Pictures are to be omitted, and every entry below is to be restated exactly.

(Short descriptive text snippets)
>>>

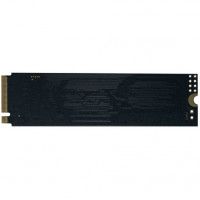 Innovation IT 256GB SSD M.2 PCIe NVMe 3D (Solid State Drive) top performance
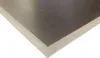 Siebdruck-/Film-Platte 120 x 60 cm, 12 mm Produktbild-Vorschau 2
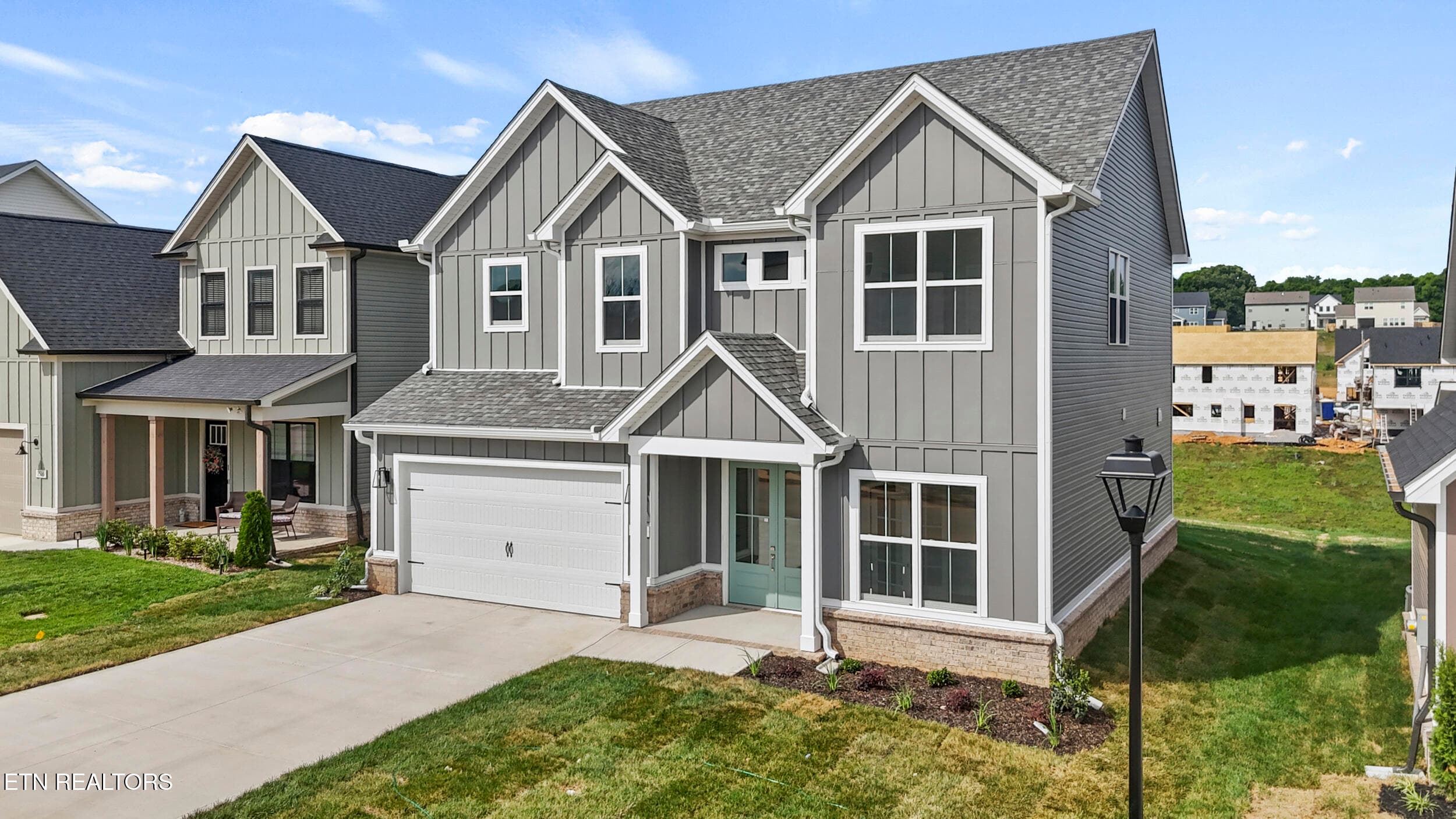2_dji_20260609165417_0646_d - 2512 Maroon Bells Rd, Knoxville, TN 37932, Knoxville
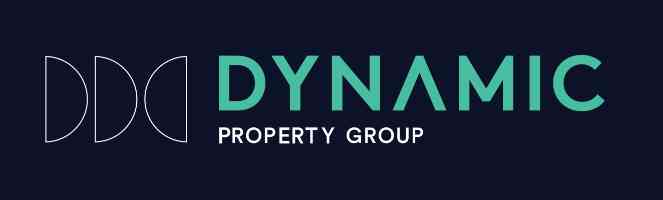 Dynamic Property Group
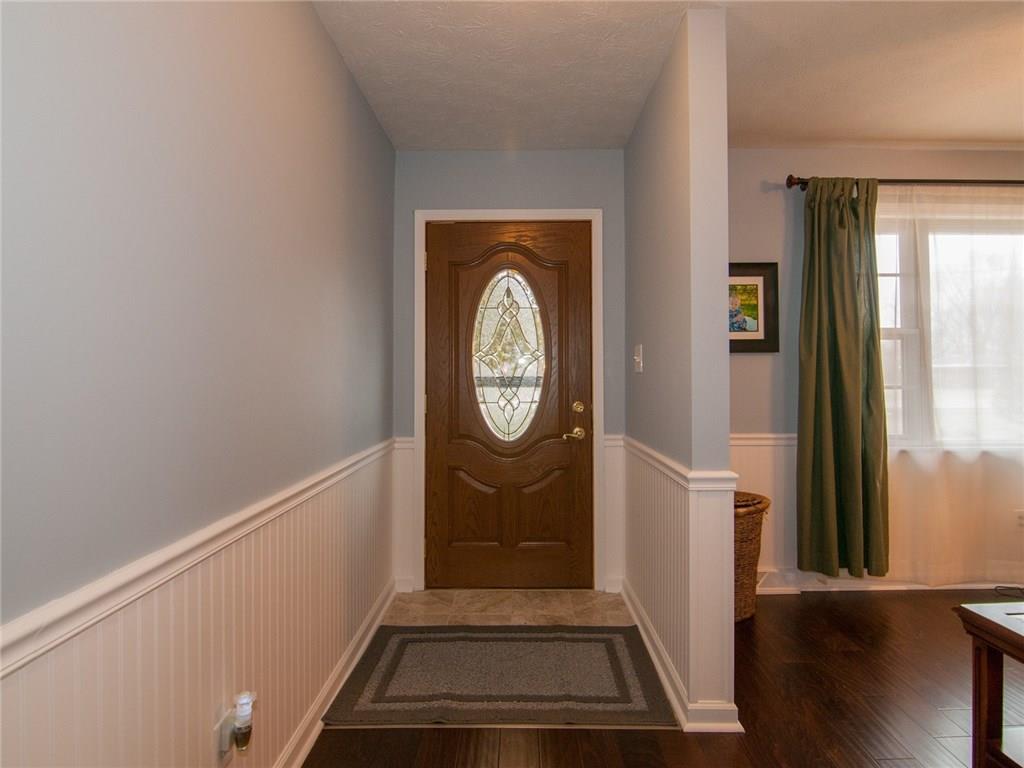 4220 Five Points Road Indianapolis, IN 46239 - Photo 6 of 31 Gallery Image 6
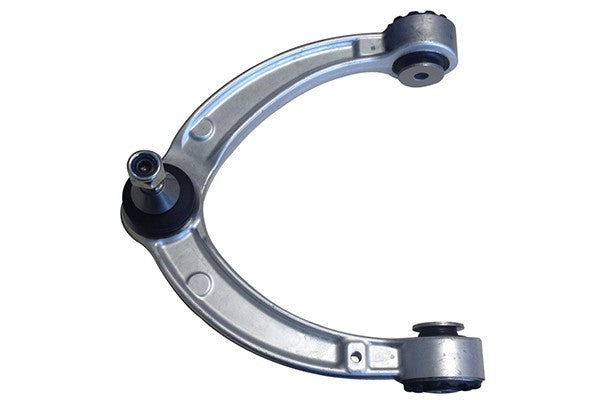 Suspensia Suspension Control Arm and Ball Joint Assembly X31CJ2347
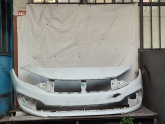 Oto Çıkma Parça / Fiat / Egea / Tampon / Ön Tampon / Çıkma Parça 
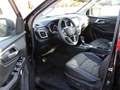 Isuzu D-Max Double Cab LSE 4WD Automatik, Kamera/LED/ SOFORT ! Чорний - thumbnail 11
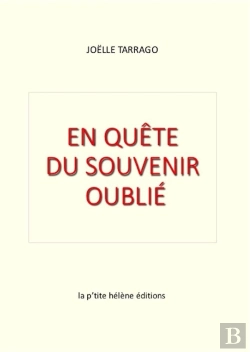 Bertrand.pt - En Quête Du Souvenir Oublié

<<<

_Your response_
 Innovation IT 256GB SSD M.2 PCIe NVMe 3D (Solid State Drive) top performance
 Siebdruck-/Film-Platte 120 x 60 cm, 12 mm Produktbild-Vorschau 2
2_dji_20260609165417_0646_d - 2512 Maroon Bells Rd, Knoxville, TN 37932, Knoxville
 Dynamic Property Group
 4220 Five Points Road Indianapolis, IN 46239 - Photo 6 of 31 Gallery Image 6
 Suspensia Suspension Control Arm and Ball Joint Assembly X31CJ2347
 Oto Çıkma Parça / Fiat / Egea / Tampon / Ön Tampon / Çıkma Parça 
 Isuzu D-Max Double Cab LSE 4WD Automatik, Kamera/LED/ SOFORT ! Чорний - thumbnail 11
 Bertrand.pt - En Quête Du Souvenir Oublié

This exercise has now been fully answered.